COVID-19 IMPACTING THE LUXURY INDUSTRY
Coronavirus or the recently named COVID-19 has since its first outbreak has caused millions of lives to be impacted directly while the billions of other people are left in a cautious and feared state of mind.
When it comes to travelling, it is not as normal as it was earlier, it has become the luxury and in such a situation, buying luxury is not the natural choice of people. All over the world, with the visuals of the malls that have been deserted, operations of brands been closed, and factories are in quarantine, the luxury industry is witnessing one of the worst phrases.
CHINA AND LUXURY
Now, even before the COVID-19 crises had hit China, the signs were appearing that showed the extravagant Chinese spending period was coming to an end. With the fact that China had previously been known as a nation of savers that only more recently moved towards consumerism, this change is not surprising and the younger generation seemed to have a more holistic view of values.
They choose not to let their identities be defined by logos and labels, and their enlightened understanding of the world and an anti-consumerist attitude. Their intensely conscious effort to connect with the world and find real purpose has pushed health, culture, and experimentalism to the forefront.

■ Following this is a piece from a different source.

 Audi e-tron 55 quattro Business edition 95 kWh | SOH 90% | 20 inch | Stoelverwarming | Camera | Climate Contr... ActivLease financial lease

The Chinese market was already maturing before Covid-19 hit. But, along with the social transformation, wealth is also an important factor. The country has a class structure defined by larger differences between rich and poor, and recent events show that the widening wealth gap is creating tensions in society.
In such a scenario, it is not suitable that the parading one’s wealth ostentatiously is now less appropriate than before. However, one cannot ignore the exceptions. Yes, there are still consumers who belong to the “aspirational class” belonging from the second- and third-tier cities who will continue to chase brands and products that signal a base form of luxury.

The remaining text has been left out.